So, can we do better? Yes we can by using abstract syntax trees and applying complex and well known static analysis algorithms like data flow analysis, symbolic execution, etc. The problem with this approach is that these algorithms are not easy to implement and the false positive rate it’s pretty high.

So, can we do better? We actually can by using a dynamic approach and instrumenting some code.

Let’s start simple with an example. Do you know what happens when we call the len method of a queryset just to get the total count of elements? The whole queryset gets evaluated, so if we have a queryset of millions of elements, that is not good.

This can happen for example on a Django template when using the length templatetag. So there it is, this is going to be the first bug class we are going to be targeting, erroneous usages of the length template tag in Django templates.

Let’s say this happened to you and now you want to find other places in the codebase that might suffer the same problem. First thing that comes to mind is to:

  1. Look for all the usages of the length template tag in the codebase
  2. Forr each usage of the template tag:
    1. Grab the variable name
    2. Look in the view the type of the variable

That is a lot of work! So, how can we instrument this code in order to get all the places in the codebase that are using the length templatetag over querysets.

We could do something like this:

def queryset_check_length(value):
    """
    New |length implementation which checks for a queryset instance value type and raises an error
    """
    if isinstance(value, QuerySet):
        raise Exception('Calling length with a QuerySet')
    else:
        # call the default length template tag
        return django.template.defaultfilters.length(value)

Now if we monkeypatch the django.template.defaultfilters.length function, we will get an exception every time the pattern we are looking for happens.

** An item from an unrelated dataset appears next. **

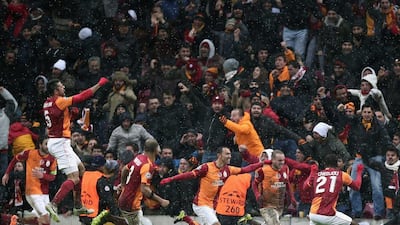Galatasaray 1-0 Juventus. In a match suspended due to heavy snowfall the night before, the Turkish side emerged victorious thanks to Wesley Sneijder's 85th-minute strike. AP Photo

This is not suitable for a production environment as you might have noticed, and we also need to test manually all the places that might be vulnerable to see if an exception raises, if only there were something like automated tests we could use 🙂

If we have good test coverage then we can let our CI system do all the work and find the buggy templates for us.

@pytest.fixture(autouse=True) 
def template_length_check(monkeypatch):

    # Replace the length template tag implementation with a custom one

    monkeypatch.setitem(django.template.defaultfilters.register.filters, 'length', queryset_check_length)

This is how an autouse pytest fixture applying this instrumentation would look like. What is this thing doing? This piece of code gets run before the execution of each test and replaces the default length template tag filter with the instrumented one, so if one view calls a template with a queryset and than template then calls  the length templatetag over that queryset then the test exercising that view will fail and we will be able to tell which template is vulnerable by analyzing the test failures instead of reading through all the codebase.

Now, all we have to do is wait and relax until our CI system runs all tests and we find other places in the codebases with this kind of bugs.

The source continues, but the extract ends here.